Among non-GN comparator groups, patients with ADPKD had a relatively favorable comorbidity and laboratory profile, comparable with that in IgAN. Patients with DN had the highest comorbidity burden of all; however, hemoglobin and albumin levels were higher than in some GN subtypes.
The proportion of patients receiving a preemptive kidney transplant was substantially higher in IgAN (11.9%) than in LN (3.1%) and vasculitis (1.5%). Use of peritoneal dialysis as an initial ESRD therapy was also higher in IgAN (16.8%) than in LN (10.8%) and vasculitis (6.5%).

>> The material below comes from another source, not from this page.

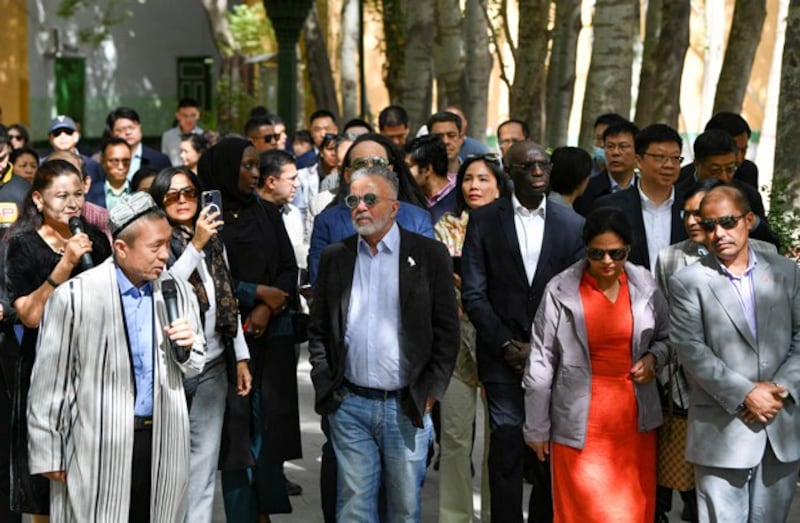 Foreign envoys from 14 countries visit the Id Kah Mosque in Kashgar, northwestern China's Xinjiang region, at the invitation of China's Ministry of Foreign Affairs, April 24, 2023. Credit: Hu Huhu/Xinhua via Getty Images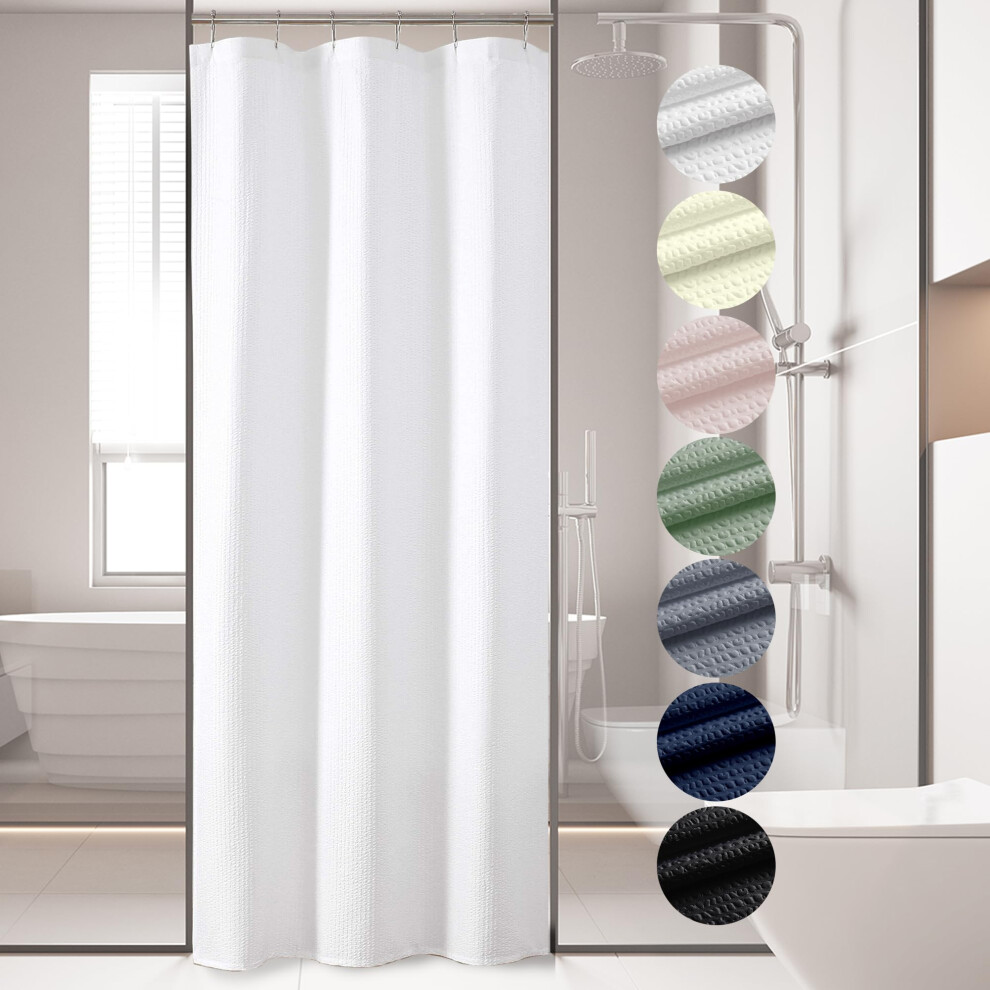 Rideau de douche en tissu OVZME Berry Stall 91 x 183 cm - Doux et gaufr    - Petit rideau de douche blanc pour salle de bain avec texture pour cabi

On follow-up, 84,301 patients with ESRD attributed to GN contributed 431,657 person years of observation, during which time 33,774 deaths were observed (crude mortality rate, 7.8/100 person years). Unadjusted 5-year survival ranged from 45.5% (95% CI, 44.2% to 46.7%) in vasculitis to 81.5% (95% CI, 80.7% to 82.2%) in IgAN, as illustrated in Kaplan–Meier survival plots (Figure 2). These survival curves corresponded to mortality rates ranging from 3.69 (95% CI, 3.56 to 3.83) per 100 person years in IgAN to 15.91 (95% CI, 15.45 to 16.36) per 100 person years in vasculitis (Table 2). Survival discrepancies are further reflected in unadjusted HRs for mortality (Figure 3, Supplemental Table 1), which differed by >4-fold across GN subtypes (HR=4.15; 95% CI, 3.96 to 4.35 in vasculitis). Adjustment for sociodemographic characteristics attenuated HRs in all subgroups except for LN, such that LN became the GN subtype associated with the highest sociodemographic-adjusted mortality (model 2). Additional adjustment for baseline comorbidity and laboratory characteristics (model 3) and for ESRD therapy modality, including time-varying adjustment for kidney transplantation (model 4), attenuated HRs further within all GN subtypes, as compared with IgAN. Even after accounting for these differences in the case mix, however, pronounced mortality differences across GN subtypes persisted. Compared with patients with ESRD caused by IgAN, adjusted (model 4) mortality hazards were 23% (95% CI, 17% to 29%), 37% (95% CI, 32% to 42%), 38% (95% CI, 31% to 45%), 51% (95% CI, 45% to 58%), and 75% (95% CI, 68% to 83%) higher in MN, FSGS, MPGN, vasculitis, and LN, respectively. Adjusted mortality in IgAN was also lower than in ADPKD (adjusted mortality hazard ratio [aHR]=1.22; 95% CI, 1.18 to 1.27), a disease with a generally favorable prognosis in ESRD (12,13), whereas mortality in LN (aHR=1.75; 95% CI, 1.68 to 1.83) was similar to in DN (aHR=1.73; 95% CI, 1.67 to 1.79), a disease with a particularly poor prognosis in ESRD (14).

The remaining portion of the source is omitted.